### TASK INSTRUCTIONS
All lines containing the string "Grey" must be copied from the entries.

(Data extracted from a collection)
§
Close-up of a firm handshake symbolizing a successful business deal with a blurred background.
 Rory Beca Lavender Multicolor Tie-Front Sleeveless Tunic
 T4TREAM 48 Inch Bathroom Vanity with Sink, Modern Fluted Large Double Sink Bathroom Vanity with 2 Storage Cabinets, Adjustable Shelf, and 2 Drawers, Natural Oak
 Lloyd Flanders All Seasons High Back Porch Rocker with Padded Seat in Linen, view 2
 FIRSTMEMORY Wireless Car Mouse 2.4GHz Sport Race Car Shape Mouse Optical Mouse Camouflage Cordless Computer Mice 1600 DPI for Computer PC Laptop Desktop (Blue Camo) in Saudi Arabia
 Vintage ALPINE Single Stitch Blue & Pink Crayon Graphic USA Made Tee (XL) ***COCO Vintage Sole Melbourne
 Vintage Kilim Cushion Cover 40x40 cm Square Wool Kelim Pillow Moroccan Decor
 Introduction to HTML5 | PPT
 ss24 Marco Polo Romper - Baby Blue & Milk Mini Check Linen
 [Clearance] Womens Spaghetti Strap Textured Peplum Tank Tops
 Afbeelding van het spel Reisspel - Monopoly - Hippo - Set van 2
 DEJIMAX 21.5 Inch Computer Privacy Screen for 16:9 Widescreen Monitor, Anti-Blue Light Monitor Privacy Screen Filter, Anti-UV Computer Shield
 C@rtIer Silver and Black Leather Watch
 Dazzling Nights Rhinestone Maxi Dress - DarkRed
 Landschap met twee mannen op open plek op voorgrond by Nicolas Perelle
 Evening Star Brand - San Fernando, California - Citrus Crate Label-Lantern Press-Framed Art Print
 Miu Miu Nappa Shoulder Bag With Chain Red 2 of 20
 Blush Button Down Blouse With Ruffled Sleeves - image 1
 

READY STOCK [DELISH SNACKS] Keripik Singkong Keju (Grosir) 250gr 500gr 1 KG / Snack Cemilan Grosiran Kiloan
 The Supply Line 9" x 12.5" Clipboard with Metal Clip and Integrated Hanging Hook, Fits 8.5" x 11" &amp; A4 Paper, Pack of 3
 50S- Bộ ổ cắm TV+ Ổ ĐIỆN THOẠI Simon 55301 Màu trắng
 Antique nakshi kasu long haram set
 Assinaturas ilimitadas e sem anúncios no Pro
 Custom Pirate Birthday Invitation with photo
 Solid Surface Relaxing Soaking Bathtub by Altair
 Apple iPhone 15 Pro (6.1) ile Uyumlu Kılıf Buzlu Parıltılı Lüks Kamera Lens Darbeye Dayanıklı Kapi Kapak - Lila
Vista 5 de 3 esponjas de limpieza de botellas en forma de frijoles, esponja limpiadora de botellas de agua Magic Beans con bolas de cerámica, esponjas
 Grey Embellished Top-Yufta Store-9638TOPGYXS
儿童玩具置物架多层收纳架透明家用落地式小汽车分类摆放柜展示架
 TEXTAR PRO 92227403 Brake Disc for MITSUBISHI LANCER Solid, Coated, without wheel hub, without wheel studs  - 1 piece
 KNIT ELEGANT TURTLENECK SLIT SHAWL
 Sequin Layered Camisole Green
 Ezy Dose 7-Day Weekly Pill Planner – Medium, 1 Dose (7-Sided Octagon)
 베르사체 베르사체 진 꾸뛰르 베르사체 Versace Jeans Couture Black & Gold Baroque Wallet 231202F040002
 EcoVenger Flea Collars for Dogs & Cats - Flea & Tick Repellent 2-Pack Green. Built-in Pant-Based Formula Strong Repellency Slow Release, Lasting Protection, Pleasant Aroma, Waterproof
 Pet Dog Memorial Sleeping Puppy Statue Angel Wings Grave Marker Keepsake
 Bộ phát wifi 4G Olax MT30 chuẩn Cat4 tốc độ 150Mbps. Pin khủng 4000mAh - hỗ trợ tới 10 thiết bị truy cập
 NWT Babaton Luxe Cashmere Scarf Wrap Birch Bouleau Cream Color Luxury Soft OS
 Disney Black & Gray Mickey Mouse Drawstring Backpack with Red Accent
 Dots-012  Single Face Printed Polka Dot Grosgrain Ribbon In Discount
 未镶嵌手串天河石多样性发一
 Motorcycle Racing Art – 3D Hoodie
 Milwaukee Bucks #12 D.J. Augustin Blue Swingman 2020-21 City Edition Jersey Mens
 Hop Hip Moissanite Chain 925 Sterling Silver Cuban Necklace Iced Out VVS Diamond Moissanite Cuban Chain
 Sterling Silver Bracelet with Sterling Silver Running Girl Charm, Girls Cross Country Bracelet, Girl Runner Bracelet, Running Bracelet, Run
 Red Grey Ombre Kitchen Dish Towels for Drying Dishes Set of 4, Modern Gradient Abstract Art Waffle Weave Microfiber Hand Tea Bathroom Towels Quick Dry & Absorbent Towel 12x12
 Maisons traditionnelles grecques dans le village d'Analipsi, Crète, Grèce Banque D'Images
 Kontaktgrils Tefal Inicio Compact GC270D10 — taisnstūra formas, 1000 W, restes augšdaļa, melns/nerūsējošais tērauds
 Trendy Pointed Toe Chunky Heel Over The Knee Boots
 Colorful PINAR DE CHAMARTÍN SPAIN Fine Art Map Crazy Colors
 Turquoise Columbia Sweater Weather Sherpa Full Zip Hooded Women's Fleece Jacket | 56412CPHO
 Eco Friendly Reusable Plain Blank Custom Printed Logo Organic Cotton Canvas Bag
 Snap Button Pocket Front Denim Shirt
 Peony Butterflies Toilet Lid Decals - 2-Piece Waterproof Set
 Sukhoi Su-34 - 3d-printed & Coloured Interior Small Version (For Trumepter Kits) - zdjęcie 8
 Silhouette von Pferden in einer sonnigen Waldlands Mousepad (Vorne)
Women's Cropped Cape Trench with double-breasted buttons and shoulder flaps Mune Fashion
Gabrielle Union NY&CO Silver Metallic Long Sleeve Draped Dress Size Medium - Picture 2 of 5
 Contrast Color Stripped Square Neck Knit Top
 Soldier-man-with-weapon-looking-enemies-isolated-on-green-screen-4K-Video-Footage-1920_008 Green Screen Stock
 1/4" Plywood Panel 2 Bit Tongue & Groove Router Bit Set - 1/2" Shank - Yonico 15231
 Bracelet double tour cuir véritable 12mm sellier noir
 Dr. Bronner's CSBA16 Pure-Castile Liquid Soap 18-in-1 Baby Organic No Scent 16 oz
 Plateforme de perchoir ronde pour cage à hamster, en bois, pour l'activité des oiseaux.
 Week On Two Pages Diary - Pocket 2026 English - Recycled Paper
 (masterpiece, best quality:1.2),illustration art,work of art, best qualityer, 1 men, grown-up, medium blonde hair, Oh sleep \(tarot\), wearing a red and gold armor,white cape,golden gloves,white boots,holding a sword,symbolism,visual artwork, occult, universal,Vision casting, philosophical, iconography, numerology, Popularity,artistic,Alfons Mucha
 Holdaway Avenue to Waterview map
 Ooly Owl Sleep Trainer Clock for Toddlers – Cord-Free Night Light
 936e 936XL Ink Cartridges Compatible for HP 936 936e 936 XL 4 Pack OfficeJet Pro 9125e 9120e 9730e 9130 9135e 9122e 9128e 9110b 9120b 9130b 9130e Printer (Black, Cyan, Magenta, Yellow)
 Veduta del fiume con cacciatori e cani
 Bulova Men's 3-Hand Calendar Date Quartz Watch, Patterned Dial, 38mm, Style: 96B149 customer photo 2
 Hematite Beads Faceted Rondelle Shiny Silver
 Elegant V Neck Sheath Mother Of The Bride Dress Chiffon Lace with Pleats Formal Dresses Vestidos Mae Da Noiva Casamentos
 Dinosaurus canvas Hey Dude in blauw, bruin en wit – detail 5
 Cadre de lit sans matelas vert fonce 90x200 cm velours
§
### RESPONSE BOX
 Grey Embellished Top-Yufta Store-9638TOPGYXS
 Red Grey Ombre Kitchen Dish Towels for Drying Dishes Set of 4, Modern Gradient Abstract Art Waffle Weave Microfiber Hand Tea Bathroom Towels Quick Dry & Absorbent Towel 12x12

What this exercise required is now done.